The full sourcecode is available - you might even configure your Gradle build to use this software. Just in case you’re writing documentation based on Asciidoctor, that would be a great idea!
But enough preamble. Let’s get started…
II.1. Introduction and Goals
HtmlSC supports authors creating digital formats by checking hyperlinks, images and similar resources.
1.1 Requirements Overview
The overall goal of HtmlSC is to create neat and clear reports, showing errors within HTML files. Below you find a sample report.
HtmlSanityCheck (HtmlSC) checks HTML for semantic errors, like broken links and missing images. It has been created to support authors who create HTML as output format.
- Authors write in formats like AsciiDoc, Markdown or other formats, which are transformed to HTML by the corresponding generators.
- HtmlSC checks the generated HTML for broken links, missing images and other semantic issues.
- HtmlSC creates a test report, similar to the well-known unit test report.
Basic Usage
- A user configures the location (directory and filename) of one or several HTML file(s), and the corresponding images directory.
- HtmlSC performs various checks on the HTML and
- reports its results either on the console or as HTML report.
HtmlSC can run from the command line or as Gradle plugin.
Basic Requirements
| ID | Requirement | Explanation |
|---|---|---|
| G-1 | Check HTML for semantic errors | HtmlSC checks HTML files for semantic errors, like broken links. |
| G-2 | Gradle and Maven Plugin | HtmlSC can be run/used as Gradle and Maven plugin. |
| G-3 | Multiple input files | Configurable for a set of files, processed in a single run, HtmlSC produces a joint report. |
| G-4 | Suggestions | When HtmlSC detects errors, it shall identify suggestions or alternatives that might repair the error. |
| G-5 | Configurable | Several features of checks shall be configurable, especially input files/location, output directory, timeouts and status-code behavior for checking external links etc. |
Required Checks
HtmlSC shall provide the following checks in HTML files:
| Check | Explanation |
|---|---|
| Missing images | Check all image tags if the referenced image files exist. |
| Broken internal links | Check all internal links from anchor-tags (`href=”#XYZ”) if the link targets “XYZ” are defined. |
| Missing local resources | Check if referenced files (e.g. css, js, pdf) are missing. |
| Duplicate link targets | Check all link targets (… id=”XYZ”) if the id’s (“XYZ”)are unique. |
| Malformed links | Check all links for syntactical correctness. |
| Illegal link targets | Check for malformed or illegal anchors (link targets). |
| Broken external links | Check external links for both syntax and availability. |
| Broken ImageMaps | Though ImageMaps are a rarely used HTML construct, HtmlSC shall identify the most common errors in their usage. |
1.2 Quality Goals
| Priority | Quality Goal | Scenario |
|---|---|---|
| 1 | Correctness | Every broken internal link (cross reference) is found. |
| 1 | Correctness | Every potential semantic error is found and reported. In case of doubt2, report and let the user decide. |
| 1 | Safety | Content of the files to be checked is never altered. |
| 2 | Flexibility | Multiple checking algorithms, report formats and clients. At least Gradle and command-line have to be supported. |
| 2 | Correctness | Correctness of every checker is automatically tested for positive AND negative cases. |
| 3 | Performance | Check of 100kB html file performed under 10 secs (excluding Gradle startup) |
1.3 Stakeholders
Remark: For our simple HtmlSC example we have an extremely limited number of stakeholders, in real-life you will most likely have many more stakeholders!

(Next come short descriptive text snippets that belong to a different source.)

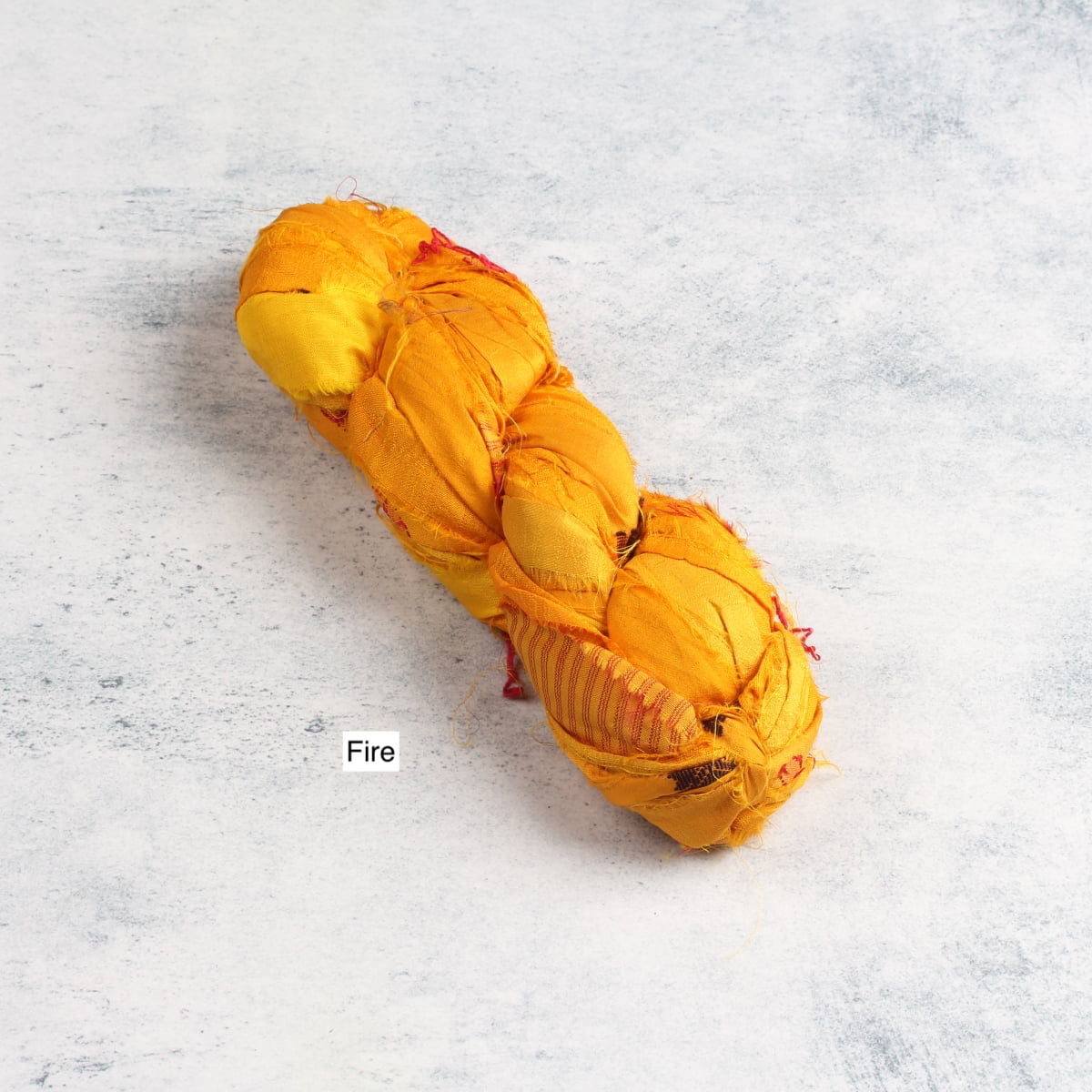 Fire sari silk ribbon – bright yellow tone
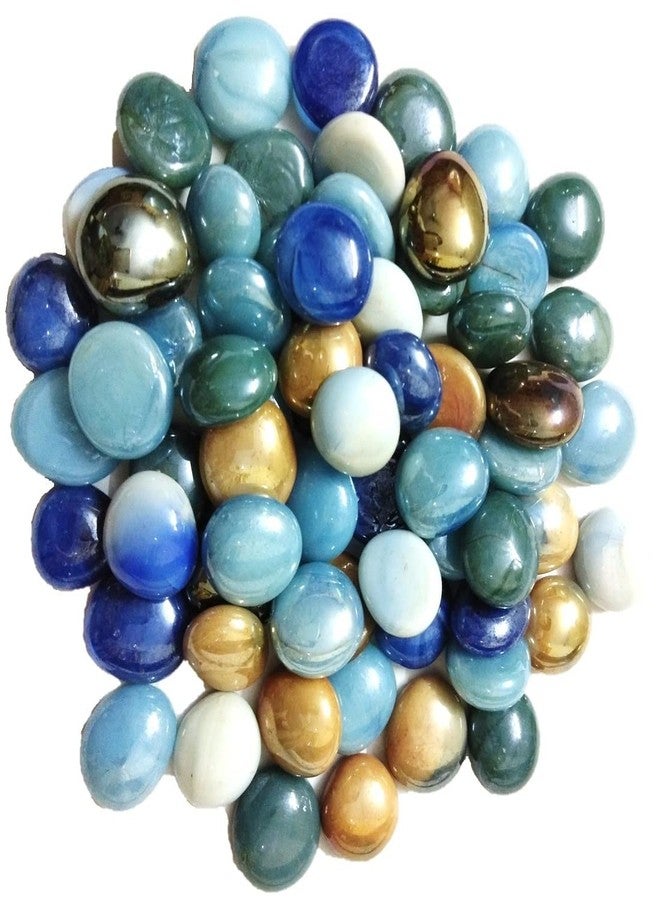 DS1 Milky Round Glass Pebbles Gravels Stone for Aquarium, Vase, Fountain, Table (Multicolor, 450gm) - Image 2
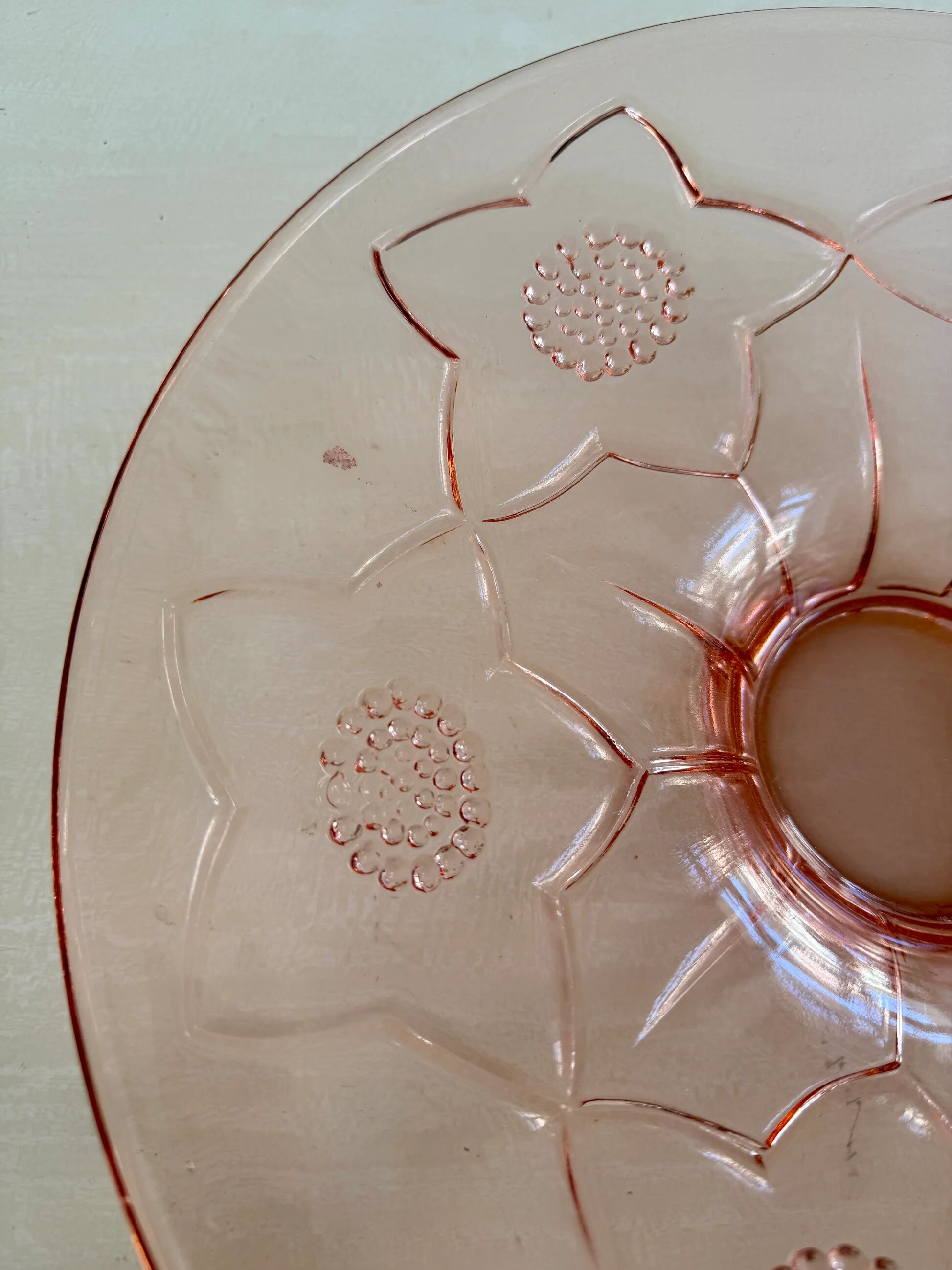 Plate in rosaline - floral patterns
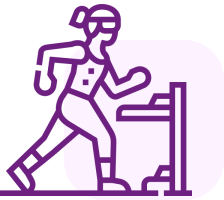 From Struggle to Strength A purple line drawing of a person walking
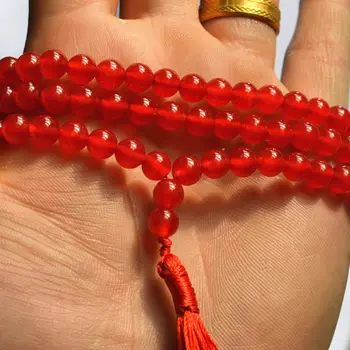 

8mm Tibetan Buddhism 108 red ruby stone Prayer Bead Mala Necklace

| Role | Description | Goal, Intention |
|---|---|---|
| Documentation author | writes documentation with HTML output | wants to check that the resulting document contains good links, image references. |
| arc42 user | uses arc42 for architecture documentation | wants a small but practical example of how to apply arc42. |
| software developer | wants an example of pragmatic architecture documentation |
II.2 Constraints
HtmlSC shall be:
- platform-independent and should run on the major operating systems (Windows(TM), Linux, and Mac-OS(TM))
- implemented in Java or Groovy
- integrated with the Gradle build tool
- runnable from the command line
- have minimal runtime and installation dependencies (a Java(TM) runtime may be required to run HtmlSC)
- developed under a liberal open-source license. In addition, all required dependencies/libraries shall be compatible with a CreativeCommons license. |
II.3 System Scope and Context
3.1 Business Context
| Neighbor | Description |
|---|---|
| user | documents software with toolchain that generates html. Wants to ensure that links within this HTML are valid. |
| build system | mostly Gradle |
| local HTML files | HtmlSC reads and parses local HTML files and performs sanity checks within those. |
| local image files | HtmlSC checks if linked images exist as (local) files. |
| external web resources | HtmlSC can be configured to optionally check for the existence of external web resources. Risk: Due to the nature of web systems and the involved remote network operations, this check might need significant time and might yield invalid results due to network and latency issues. |
3.2 Deployment Context
The following diagram shows the participating computers (nodes) with their technical connections plus the major artifacts of HtmlSC, the hsc-plugin-binary.
| Node / Artifact | Description |
|---|---|
| hsc-development | where development of HtmlSC takes place |
| hsc-plugin-binary | compiled and packaged version of HtmlSC including required dependencies. |
| artifact repository | A global public cloud repository for binary artifacts, similar to MavenCentral, the Gradle Plugin Portal or similar. HtmlSC binaries are uploaded to this server. |
| hsc user computer | where arbitrary documentation takes place with html as output formats. |
| build.gradle | Gradle build script configuring (among other things) the HtmlSC plugin to perform the HTML checking. |
For details see the deployment-view.
II.4 Solution Strategy
- Implement HtmlSC mostly in the Groovy programming language and partially in Java with minimal external dependencies.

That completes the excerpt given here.